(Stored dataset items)
<<<<

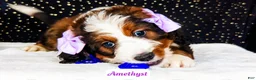 Bernedoodle dogs for sale: Amethyst - Ad 4
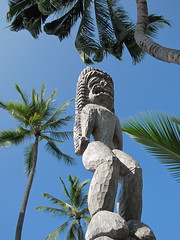 Robinsons in Hawaii 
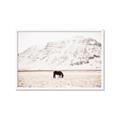 Picture of Horse in Field  _GroupedProduct_Rectangle_Landscape_Photography _GroupedProduct_Rectangle_Landscape_Framed_Matted_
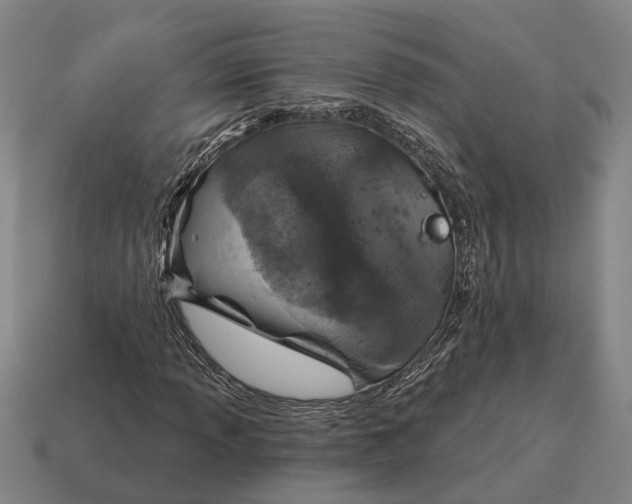X0000115111013200911101601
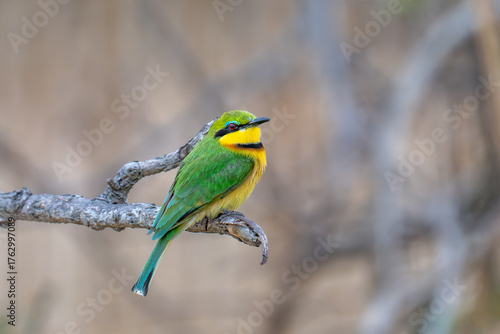 Photography Little bee-eater perched on a branch at sunset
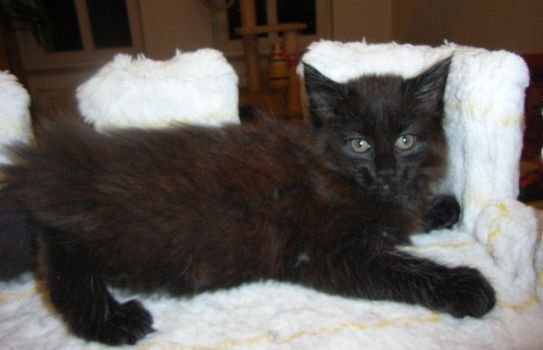 Pünktchen mit 9 Wochen/ 9 weeks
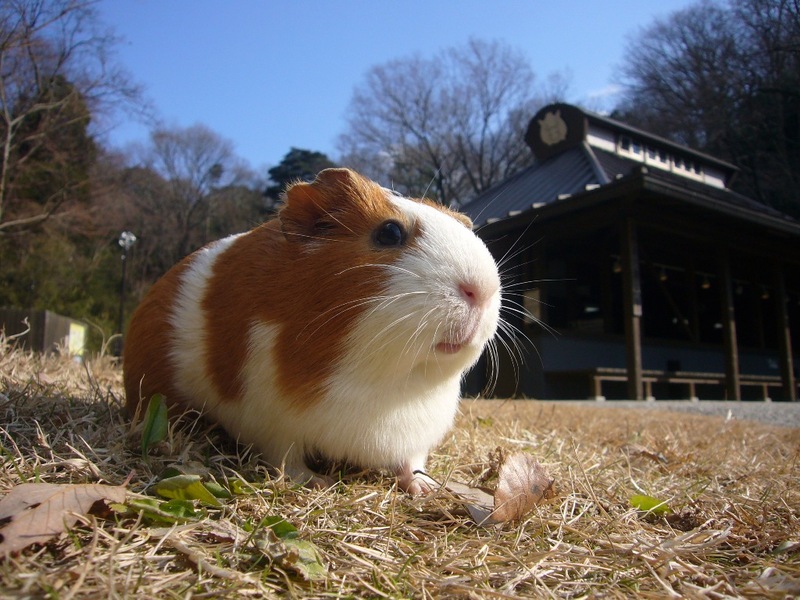 写真：モルモット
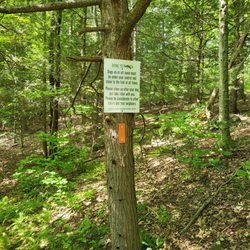 Goedecke & Humphrey Trailhead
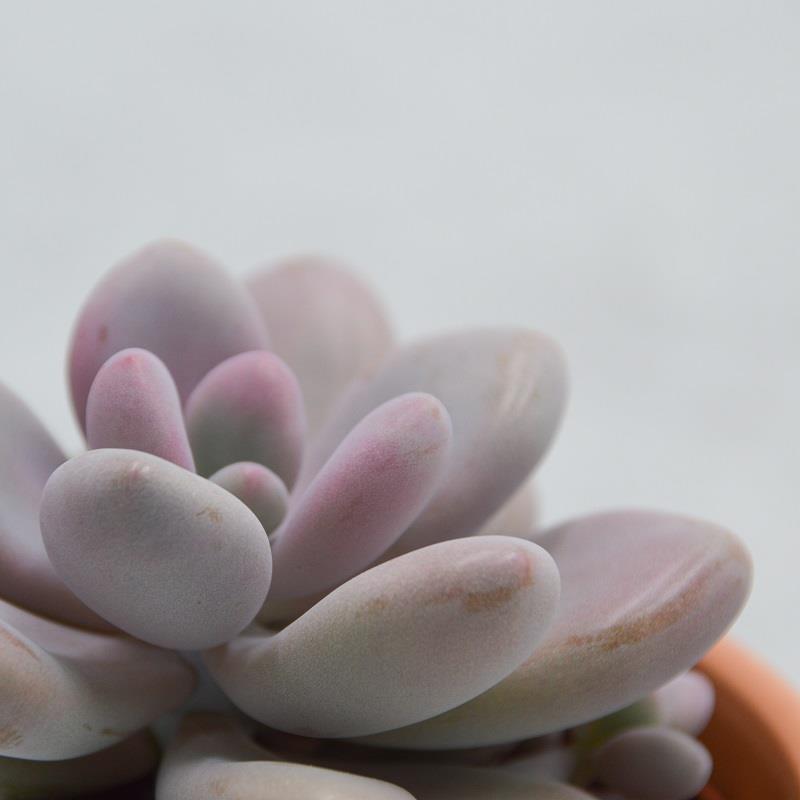 Pachyphytum oviferum Pink Moonstones - 6cm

>>>>

Leaving out every picture, transcribe exactly the lines from the line that contains "Robinsons in Hawaii" through the final line of the entries above.

▸ **EXERCISE SOLUTION**
 Robinsons in Hawaii 
 Picture of Horse in Field  _GroupedProduct_Rectangle_Landscape_Photography _GroupedProduct_Rectangle_Landscape_Framed_Matted_
X0000115111013200911101601
 Photography Little bee-eater perched on a branch at sunset
 Pünktchen mit 9 Wochen/ 9 weeks
 写真：モルモット
 Goedecke & Humphrey Trailhead
 Pachyphytum oviferum Pink Moonstones - 6cm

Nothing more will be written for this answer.